» Exercise objective
What you submit must be an exact copy of the listing below, with no images in it.

Data below:

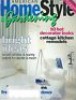 Home Style & Gardening 02/03.1996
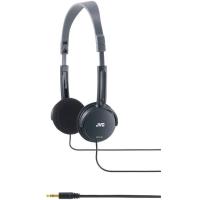 Auricular JVC ligero negro L50 JVC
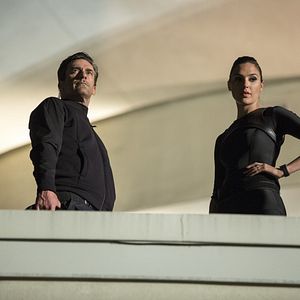 Bilder Die Jones - Spione von nebenan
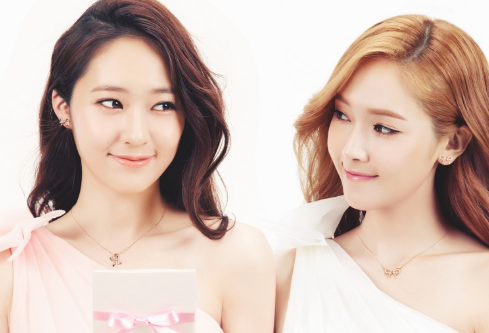 1689862696475441.png image.png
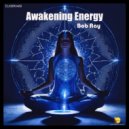 Bob Ray & Sandrah & Mark Kramer - Awakening Energy (feat. Sandrah) (Mark Kramer Remix)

End of Data.

» Exercise output
 Home Style & Gardening 02/03.1996
 Auricular JVC ligero negro L50 JVC
 Bilder Die Jones - Spione von nebenan
 1689862696475441.png image.png
 Bob Ray & Sandrah & Mark Kramer - Awakening Energy (feat. Sandrah) (Mark Kramer Remix)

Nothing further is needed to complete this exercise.